The scale of the street grooming crisis in the UK almost defies belief. Hundreds of girls and young women were raped in the city of Rotherham, and hundreds by similar exploitation rings in Rochdale, Peterborough, Newcastle, Oxford, and Bristol. Now, up to a thousand girls are thought to have been drugged, raped, and beaten in Telford between the 1980s and the 2010s.

This is, of course, a highly emotive subject. How could it not be? Yet if the phenomenon is to be understood it is important to evaluate the data objectively. Otherwise we have a lot of heat and little light.

Responses to the crisis are contentious because most of the perpetrators are British Asians; specifically British Pakistanis and Bangladeshis. Child abuse is not uniquely or largely a problem of particular demographics but grooming gangs - that is, multiple offenders exploiting women they have met, manipulated, and abused outside their homes - are 84 percent Asian, and this does not mean Chinese, Korean, Japanese, or Indonesian (other perpetrators have been Somali, Romani, Kosovan, Kurdish, and white British.)

To some extent, this fact has been influenced by the disproportionate amount of British Pakistanis and Bangladeshis who make their living in the night-time economy, driving taxi cabs and working in restaurants, which gave the perpetrators access to girls, and hours away from home. This is not the sole factor, though, as other nations with significant night-time economies do not have comparable street grooming crises.

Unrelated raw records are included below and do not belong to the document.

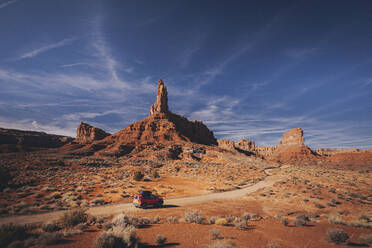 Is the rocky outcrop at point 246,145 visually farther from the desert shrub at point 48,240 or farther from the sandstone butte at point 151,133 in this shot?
the desert shrub at point 48,240

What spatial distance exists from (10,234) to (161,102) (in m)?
117

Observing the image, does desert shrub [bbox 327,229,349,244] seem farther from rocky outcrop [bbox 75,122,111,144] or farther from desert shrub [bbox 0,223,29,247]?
rocky outcrop [bbox 75,122,111,144]

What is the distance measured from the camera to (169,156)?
6881 centimetres

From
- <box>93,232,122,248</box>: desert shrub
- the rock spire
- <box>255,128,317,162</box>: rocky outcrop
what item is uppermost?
the rock spire

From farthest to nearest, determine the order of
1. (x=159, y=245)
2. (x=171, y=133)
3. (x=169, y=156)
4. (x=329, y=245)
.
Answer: (x=171, y=133) < (x=169, y=156) < (x=329, y=245) < (x=159, y=245)

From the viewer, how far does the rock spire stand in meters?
121

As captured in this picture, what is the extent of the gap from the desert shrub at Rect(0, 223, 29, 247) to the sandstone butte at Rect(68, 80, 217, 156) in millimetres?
70689

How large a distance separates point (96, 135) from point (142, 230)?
139451mm

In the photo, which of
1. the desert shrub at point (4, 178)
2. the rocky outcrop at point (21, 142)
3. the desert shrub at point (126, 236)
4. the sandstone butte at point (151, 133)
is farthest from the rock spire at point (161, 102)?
the desert shrub at point (126, 236)

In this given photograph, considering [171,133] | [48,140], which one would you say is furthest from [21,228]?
[48,140]

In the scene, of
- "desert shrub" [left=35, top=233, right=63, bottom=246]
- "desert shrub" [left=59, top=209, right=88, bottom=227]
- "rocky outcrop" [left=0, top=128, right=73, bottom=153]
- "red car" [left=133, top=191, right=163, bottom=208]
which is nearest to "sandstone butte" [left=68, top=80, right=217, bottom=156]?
"rocky outcrop" [left=0, top=128, right=73, bottom=153]

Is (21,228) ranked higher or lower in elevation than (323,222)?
higher

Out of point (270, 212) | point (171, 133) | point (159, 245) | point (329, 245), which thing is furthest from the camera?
point (171, 133)

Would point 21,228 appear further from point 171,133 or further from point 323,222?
point 171,133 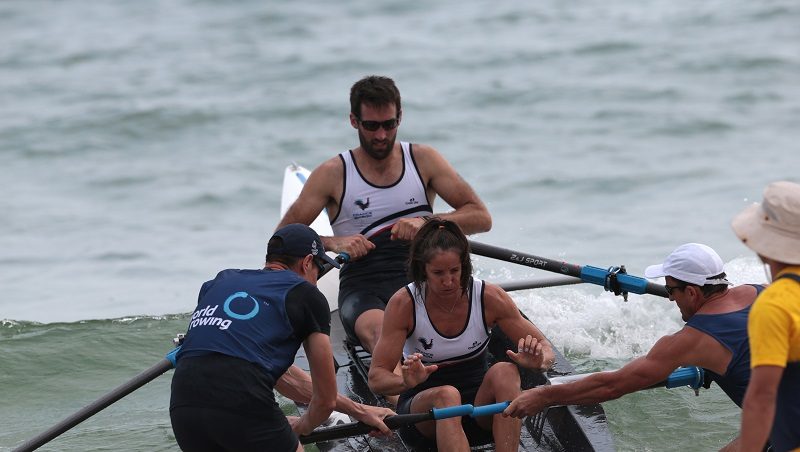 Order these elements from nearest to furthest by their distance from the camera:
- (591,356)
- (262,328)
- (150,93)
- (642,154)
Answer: (262,328)
(591,356)
(642,154)
(150,93)

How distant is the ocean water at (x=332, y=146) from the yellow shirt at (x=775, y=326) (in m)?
3.32

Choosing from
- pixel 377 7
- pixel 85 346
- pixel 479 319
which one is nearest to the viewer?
pixel 479 319

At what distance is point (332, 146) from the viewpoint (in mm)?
15500

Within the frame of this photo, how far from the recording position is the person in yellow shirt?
3326 millimetres

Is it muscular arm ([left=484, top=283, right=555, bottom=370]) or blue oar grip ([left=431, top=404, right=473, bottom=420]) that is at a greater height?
muscular arm ([left=484, top=283, right=555, bottom=370])

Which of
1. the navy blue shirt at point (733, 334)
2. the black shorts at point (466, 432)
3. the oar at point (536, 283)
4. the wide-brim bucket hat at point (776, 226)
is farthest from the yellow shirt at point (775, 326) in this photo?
the oar at point (536, 283)

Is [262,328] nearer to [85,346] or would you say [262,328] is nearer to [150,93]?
[85,346]

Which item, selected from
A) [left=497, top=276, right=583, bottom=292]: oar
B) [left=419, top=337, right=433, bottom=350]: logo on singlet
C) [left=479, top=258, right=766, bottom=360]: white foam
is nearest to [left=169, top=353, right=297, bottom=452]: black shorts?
[left=419, top=337, right=433, bottom=350]: logo on singlet

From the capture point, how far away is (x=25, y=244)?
12.1 m

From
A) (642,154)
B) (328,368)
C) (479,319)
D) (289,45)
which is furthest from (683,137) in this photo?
(328,368)

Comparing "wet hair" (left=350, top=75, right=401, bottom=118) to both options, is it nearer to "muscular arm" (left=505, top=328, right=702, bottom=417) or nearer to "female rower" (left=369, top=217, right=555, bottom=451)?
"female rower" (left=369, top=217, right=555, bottom=451)

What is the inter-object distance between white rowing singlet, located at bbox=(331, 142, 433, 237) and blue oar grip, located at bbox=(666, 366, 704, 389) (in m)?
1.97

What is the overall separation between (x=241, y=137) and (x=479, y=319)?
10.9 metres

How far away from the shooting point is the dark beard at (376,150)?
6.33 meters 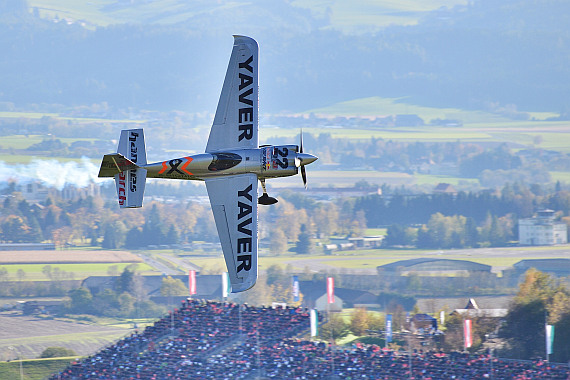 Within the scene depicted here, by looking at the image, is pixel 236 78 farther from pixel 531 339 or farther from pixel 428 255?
pixel 428 255

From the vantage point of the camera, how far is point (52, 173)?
405ft

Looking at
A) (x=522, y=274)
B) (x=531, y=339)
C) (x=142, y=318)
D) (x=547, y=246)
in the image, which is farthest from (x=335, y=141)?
(x=531, y=339)

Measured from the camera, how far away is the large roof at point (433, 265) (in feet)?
348

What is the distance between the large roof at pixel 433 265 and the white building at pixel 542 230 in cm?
1897

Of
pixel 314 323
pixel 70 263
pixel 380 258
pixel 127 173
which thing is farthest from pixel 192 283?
pixel 127 173

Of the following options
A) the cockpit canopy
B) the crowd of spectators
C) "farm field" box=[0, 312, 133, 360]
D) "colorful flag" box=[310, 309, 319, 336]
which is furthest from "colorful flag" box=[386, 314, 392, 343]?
the cockpit canopy

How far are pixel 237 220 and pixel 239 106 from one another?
452cm

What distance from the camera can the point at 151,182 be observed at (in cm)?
13550

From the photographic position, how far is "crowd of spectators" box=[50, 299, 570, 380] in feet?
184

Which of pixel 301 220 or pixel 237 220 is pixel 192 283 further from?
pixel 237 220

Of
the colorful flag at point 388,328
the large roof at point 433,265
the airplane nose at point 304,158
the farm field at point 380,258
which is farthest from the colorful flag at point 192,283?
the airplane nose at point 304,158

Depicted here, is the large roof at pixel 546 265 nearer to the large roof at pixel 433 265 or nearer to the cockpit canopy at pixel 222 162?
the large roof at pixel 433 265

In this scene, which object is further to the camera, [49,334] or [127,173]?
[49,334]

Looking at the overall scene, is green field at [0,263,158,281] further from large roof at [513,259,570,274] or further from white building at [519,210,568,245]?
white building at [519,210,568,245] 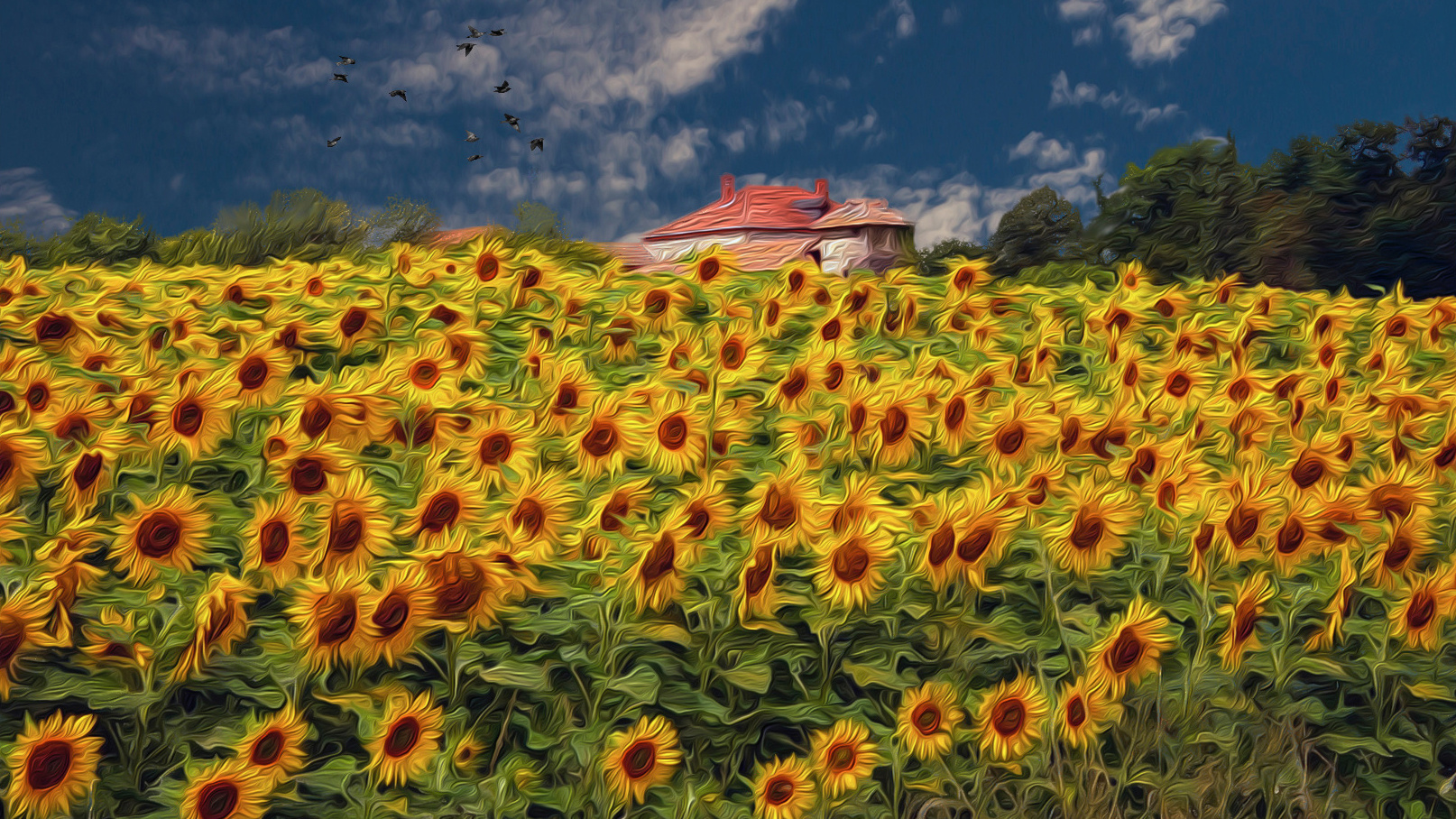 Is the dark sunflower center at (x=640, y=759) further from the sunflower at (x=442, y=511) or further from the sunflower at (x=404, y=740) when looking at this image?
the sunflower at (x=442, y=511)

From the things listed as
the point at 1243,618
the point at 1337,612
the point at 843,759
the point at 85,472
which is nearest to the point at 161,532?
the point at 85,472

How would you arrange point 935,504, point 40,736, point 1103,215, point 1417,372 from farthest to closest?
point 1103,215
point 1417,372
point 935,504
point 40,736

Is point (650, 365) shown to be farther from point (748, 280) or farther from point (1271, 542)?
Answer: point (1271, 542)

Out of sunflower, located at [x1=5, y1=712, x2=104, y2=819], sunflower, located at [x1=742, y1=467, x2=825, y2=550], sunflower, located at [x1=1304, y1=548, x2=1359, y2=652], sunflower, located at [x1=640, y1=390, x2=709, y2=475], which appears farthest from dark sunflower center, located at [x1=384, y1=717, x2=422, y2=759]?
sunflower, located at [x1=1304, y1=548, x2=1359, y2=652]

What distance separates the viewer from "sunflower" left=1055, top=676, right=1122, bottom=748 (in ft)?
9.41

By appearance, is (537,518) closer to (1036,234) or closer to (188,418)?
(188,418)

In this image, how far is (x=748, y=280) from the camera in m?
5.79

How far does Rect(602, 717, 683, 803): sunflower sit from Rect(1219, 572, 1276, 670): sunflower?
154 cm

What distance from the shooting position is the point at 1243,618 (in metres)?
3.02

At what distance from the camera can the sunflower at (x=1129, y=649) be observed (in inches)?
114

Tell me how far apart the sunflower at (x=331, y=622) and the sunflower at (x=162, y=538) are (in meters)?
0.57

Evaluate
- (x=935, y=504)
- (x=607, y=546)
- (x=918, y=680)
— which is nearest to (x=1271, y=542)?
(x=935, y=504)

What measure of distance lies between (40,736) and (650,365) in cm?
258

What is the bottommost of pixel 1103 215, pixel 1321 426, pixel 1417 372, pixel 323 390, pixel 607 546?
pixel 1103 215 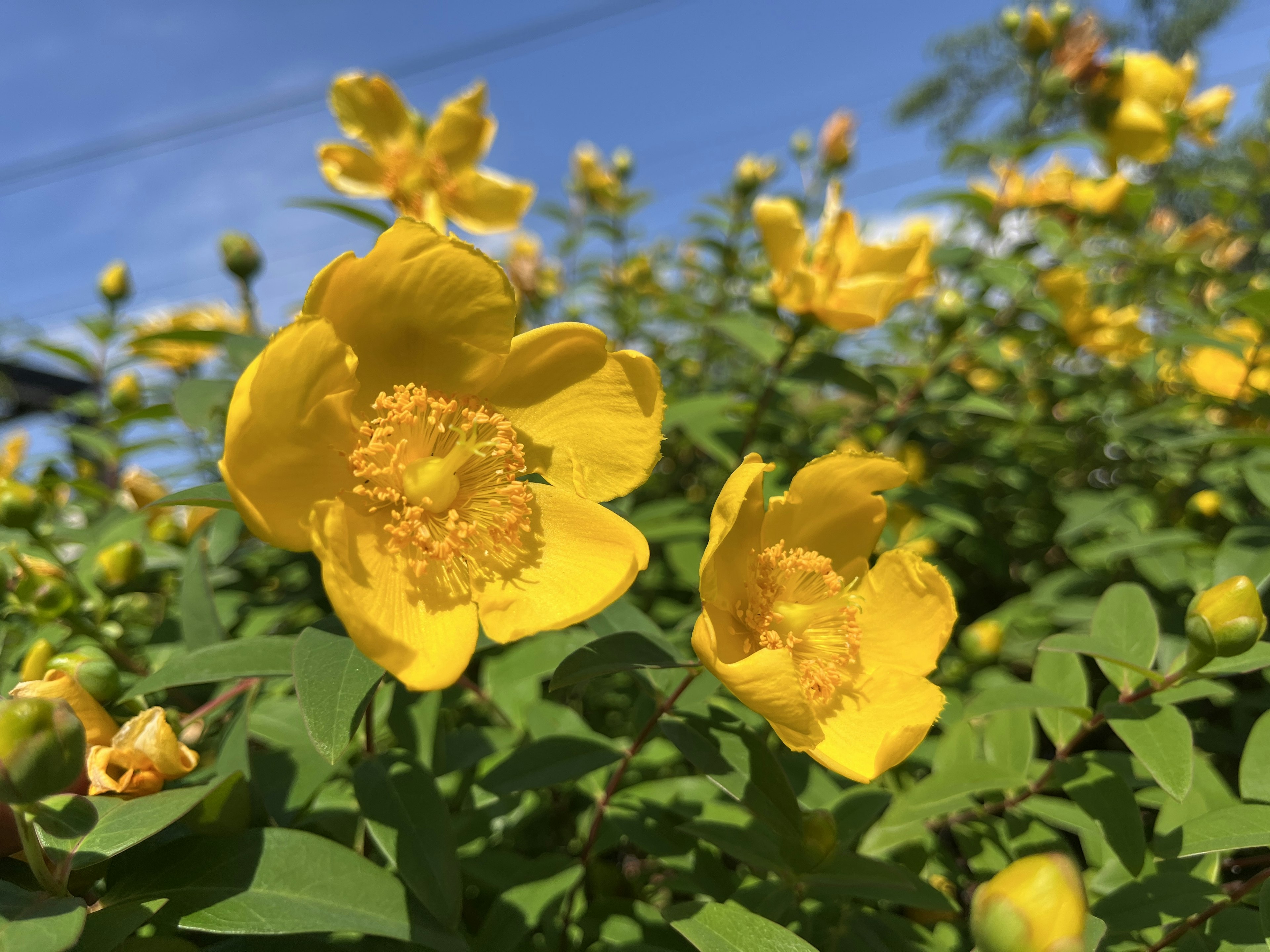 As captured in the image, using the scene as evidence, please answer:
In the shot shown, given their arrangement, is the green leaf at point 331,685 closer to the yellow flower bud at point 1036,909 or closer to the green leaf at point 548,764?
the green leaf at point 548,764

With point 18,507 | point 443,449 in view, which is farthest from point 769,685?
point 18,507

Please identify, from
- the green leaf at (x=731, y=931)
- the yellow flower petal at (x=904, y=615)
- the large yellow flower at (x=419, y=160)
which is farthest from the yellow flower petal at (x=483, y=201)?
the green leaf at (x=731, y=931)

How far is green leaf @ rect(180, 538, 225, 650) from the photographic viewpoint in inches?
43.6

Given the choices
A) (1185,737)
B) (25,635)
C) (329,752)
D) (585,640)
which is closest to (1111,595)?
(1185,737)

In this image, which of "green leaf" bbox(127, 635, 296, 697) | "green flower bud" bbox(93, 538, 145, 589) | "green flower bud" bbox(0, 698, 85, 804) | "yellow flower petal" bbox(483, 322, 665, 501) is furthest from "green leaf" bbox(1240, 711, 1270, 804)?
"green flower bud" bbox(93, 538, 145, 589)

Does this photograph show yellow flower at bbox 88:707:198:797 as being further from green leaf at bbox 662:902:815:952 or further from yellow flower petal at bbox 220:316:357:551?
green leaf at bbox 662:902:815:952

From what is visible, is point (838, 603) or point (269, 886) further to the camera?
point (838, 603)

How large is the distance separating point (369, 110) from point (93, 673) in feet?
4.83

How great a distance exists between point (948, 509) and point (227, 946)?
1.46 meters

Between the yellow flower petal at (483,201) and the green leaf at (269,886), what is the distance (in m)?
1.53

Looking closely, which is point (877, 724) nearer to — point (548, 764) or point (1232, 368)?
point (548, 764)

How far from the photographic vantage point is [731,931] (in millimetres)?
790

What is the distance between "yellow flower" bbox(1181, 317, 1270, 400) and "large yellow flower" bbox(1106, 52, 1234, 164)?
56cm

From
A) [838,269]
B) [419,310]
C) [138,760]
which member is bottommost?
[138,760] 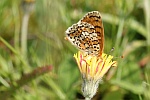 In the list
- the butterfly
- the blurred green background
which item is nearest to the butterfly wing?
the butterfly

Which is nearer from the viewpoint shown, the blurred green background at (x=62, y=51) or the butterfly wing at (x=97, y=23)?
the butterfly wing at (x=97, y=23)

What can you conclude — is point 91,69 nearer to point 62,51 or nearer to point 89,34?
point 89,34

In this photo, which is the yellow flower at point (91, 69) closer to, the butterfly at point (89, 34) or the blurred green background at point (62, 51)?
the butterfly at point (89, 34)

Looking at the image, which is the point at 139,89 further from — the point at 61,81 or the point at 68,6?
the point at 68,6

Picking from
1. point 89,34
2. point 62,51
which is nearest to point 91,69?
point 89,34

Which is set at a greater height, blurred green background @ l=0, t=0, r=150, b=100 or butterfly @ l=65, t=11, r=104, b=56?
butterfly @ l=65, t=11, r=104, b=56

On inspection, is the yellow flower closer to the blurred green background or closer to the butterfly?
the butterfly

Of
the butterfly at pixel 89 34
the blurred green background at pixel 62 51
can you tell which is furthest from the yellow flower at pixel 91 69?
the blurred green background at pixel 62 51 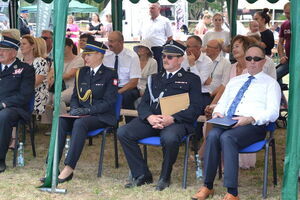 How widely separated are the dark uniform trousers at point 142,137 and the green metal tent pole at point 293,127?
46.3 inches

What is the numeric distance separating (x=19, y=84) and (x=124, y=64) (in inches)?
70.5

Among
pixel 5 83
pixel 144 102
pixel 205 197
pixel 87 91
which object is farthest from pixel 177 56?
pixel 5 83

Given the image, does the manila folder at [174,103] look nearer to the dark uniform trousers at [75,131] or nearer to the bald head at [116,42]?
the dark uniform trousers at [75,131]

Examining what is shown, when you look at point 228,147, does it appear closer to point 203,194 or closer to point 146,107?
point 203,194

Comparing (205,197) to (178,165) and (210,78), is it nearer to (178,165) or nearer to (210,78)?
(178,165)

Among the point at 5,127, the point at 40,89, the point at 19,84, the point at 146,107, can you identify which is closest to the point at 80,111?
the point at 146,107

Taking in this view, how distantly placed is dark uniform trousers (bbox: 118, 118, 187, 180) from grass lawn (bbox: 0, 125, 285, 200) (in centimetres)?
19

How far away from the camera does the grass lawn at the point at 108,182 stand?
5.28m

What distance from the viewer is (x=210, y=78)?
711cm

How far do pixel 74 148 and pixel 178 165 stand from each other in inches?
51.7

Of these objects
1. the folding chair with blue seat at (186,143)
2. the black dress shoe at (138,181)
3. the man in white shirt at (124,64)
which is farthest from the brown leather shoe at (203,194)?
the man in white shirt at (124,64)

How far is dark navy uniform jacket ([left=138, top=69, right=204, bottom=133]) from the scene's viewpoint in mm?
5578

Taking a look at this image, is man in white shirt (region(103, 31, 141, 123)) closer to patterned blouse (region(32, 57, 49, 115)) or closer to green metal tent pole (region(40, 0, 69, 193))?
patterned blouse (region(32, 57, 49, 115))

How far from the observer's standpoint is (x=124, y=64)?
7836mm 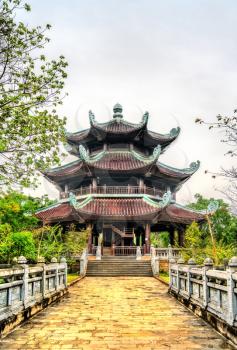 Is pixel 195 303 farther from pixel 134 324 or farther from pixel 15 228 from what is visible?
pixel 15 228

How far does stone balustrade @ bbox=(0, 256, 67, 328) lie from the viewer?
6.74m

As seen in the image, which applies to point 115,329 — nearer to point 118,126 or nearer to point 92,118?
point 92,118

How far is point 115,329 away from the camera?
22.7 ft

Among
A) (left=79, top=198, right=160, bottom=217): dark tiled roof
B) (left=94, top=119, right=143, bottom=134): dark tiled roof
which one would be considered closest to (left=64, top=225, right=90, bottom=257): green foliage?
(left=79, top=198, right=160, bottom=217): dark tiled roof

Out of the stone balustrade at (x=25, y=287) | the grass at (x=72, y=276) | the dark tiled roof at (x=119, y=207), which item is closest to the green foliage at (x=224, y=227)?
the dark tiled roof at (x=119, y=207)

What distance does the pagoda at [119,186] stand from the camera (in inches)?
1009

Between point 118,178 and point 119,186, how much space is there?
0.81m

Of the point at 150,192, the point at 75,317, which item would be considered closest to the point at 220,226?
the point at 150,192

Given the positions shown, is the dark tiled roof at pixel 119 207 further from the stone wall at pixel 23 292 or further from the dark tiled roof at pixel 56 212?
the stone wall at pixel 23 292

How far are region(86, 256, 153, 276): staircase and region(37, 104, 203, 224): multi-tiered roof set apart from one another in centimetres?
296

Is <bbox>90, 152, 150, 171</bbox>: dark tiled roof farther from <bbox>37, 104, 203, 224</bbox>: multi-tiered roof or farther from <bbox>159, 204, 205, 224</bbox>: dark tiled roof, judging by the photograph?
<bbox>159, 204, 205, 224</bbox>: dark tiled roof

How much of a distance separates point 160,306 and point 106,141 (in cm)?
2084

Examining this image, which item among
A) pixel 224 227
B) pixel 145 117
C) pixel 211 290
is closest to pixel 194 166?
pixel 145 117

Some have pointed the finger at Islam. I support the criticism of Islamic texts where appropriate but think this factor can be over-egged. Quite apart from being abusively adulterous, these criminals drank, did drugs, and made their victims have abortions. These were not, in other words, devout Muslim men. Yet Taj Hargey of the Oxford Islamic Congregation has observed that "the view of some Islamic preachers towards white women" and "an attitude where women are seen as nothing more than personal property" might have been contributing factors in the stew of thought processes that characterised these men, along with provincial machismo, clannish contempt, and degenerate sexual appetites.